The Euclidean n space $(\mathbb{E}^n,d)$ is a metric space with metric $d$ for which there exists a bijective map $\mathbb{E}^n\rightarrow\mathbb{R}^n$, such that if P,Q $\in \mathbb{E}^n$ are mapped to $\mathbf{x,y}\in\mathbb{R}^n$ then $d(P,Q)=\lvert{\mathbf{y}-\mathbf{x}}\rvert$
If $P,Q,R\in\mathbb{R}^n$ are mapped to $\mathbf{x},\mathbf{y},\mathbf{z}\in\mathbb{R}^n$, then the angle spanned by P,Q,R is equal to $\angle\mathbf{xyz}$ and we can evaluate it using
$\cos(\angle\mathbf{xyz})=\frac{(\mathbf{x}-\mathbf{y})\cdot(\mathbf{z}-\mathbf{y})}{\lvert{\mathbf{x}-\mathbf{y}}\rvert\lvert{\mathbf{z}-\mathbf{y}}\rvert}$
The angle is independent of this choice, because the inner product is determined by the quadratic form.
The above is what is written in the book.

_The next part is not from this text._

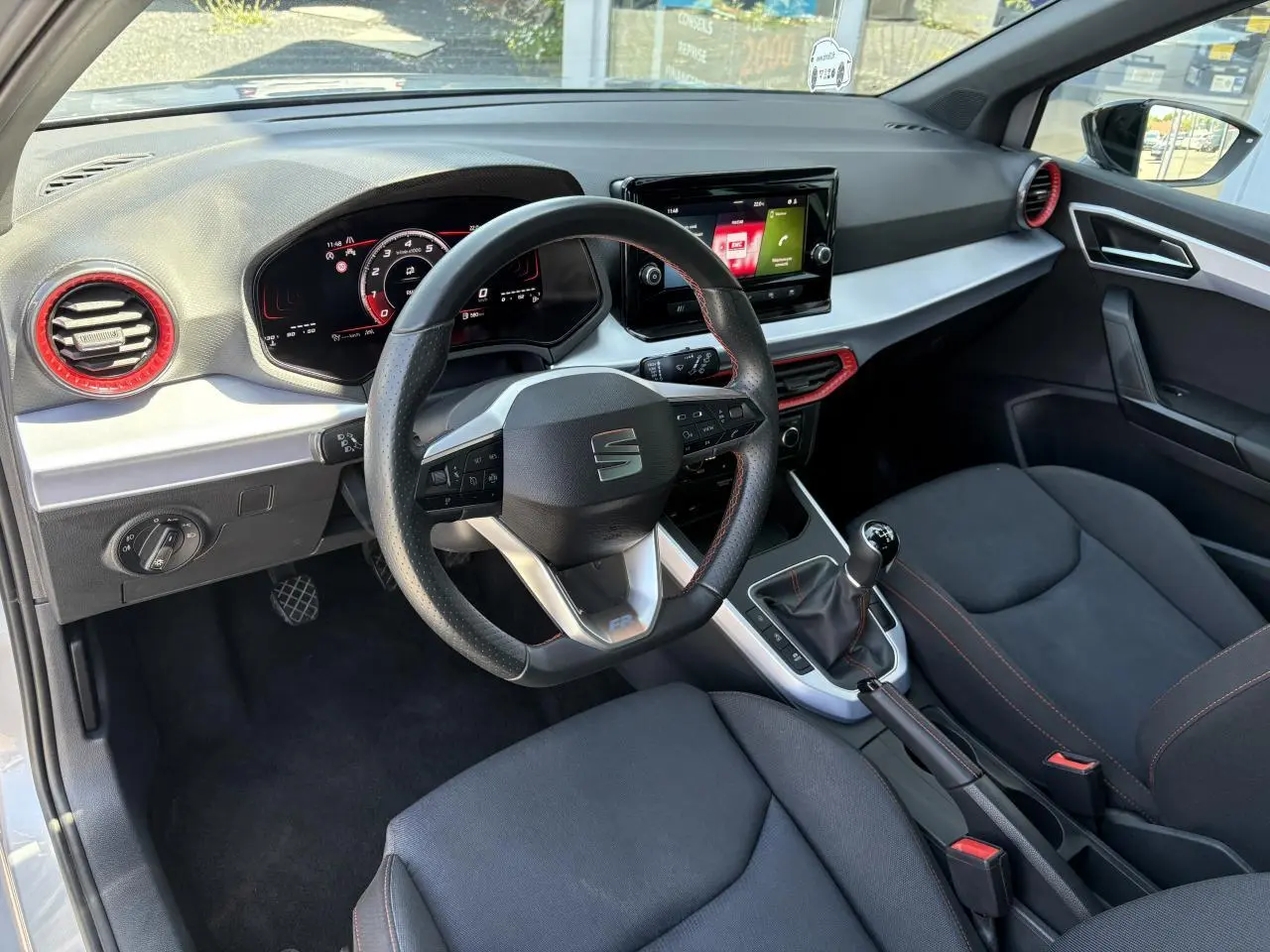 Vue intérieure côté conducteur du SEAT Arona 2024, volant sport cuir noir avec surpiqûres rouges et tableau de bord digital.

I can't understand why the angle is independent of the choice of coordinates(bijection) and the meaning of 'inner product is determined by the quadratic form.'.
Could you explain them?
Suppose you change the coordinate system, then
$ x = O' + R x' $
$ y = O'+ R y' $
$ z = O' + R z' $
where $O'$ is the position of the origin of the $O'x'y'z'$ reference frame when expressed in the $Oxyz$ system, and $R$ is a rotation matrix. it follows that
$ x- y = R (x' - y') $
$ z - y = R (z' - y') $
Then
$ (x - y) \cdot (z - y) = (x - y)^T (z - y) \\= (x' - y')^T R^T R (z' - y') = (x' - y')^T (z' - y') = (x' - y') \cdot (z' - y') $
And for the same reason,
$ \| x - y \| = \sqrt{ (x - y) \cdot (x - y) } = \sqrt{ (x' - y') \cdot (x' - y') } $
and
$ \| z - y \| = \sqrt{ (z - y) \cdot (z - y) } = \sqrt{ (z' - y') \cdot (z' - y') } $
Therefore,
$ \dfrac{ (x - y) \cdot (z - y) }{\| x - y \| \| z- y\|} = \dfrac{ (x' - y') \cdot (z' - y') }{ \| x' - y' \| \| z' - y' \| } $
Hence, the cosine of the angle $\angle xyz $ will be the same when computed using any coordinate system.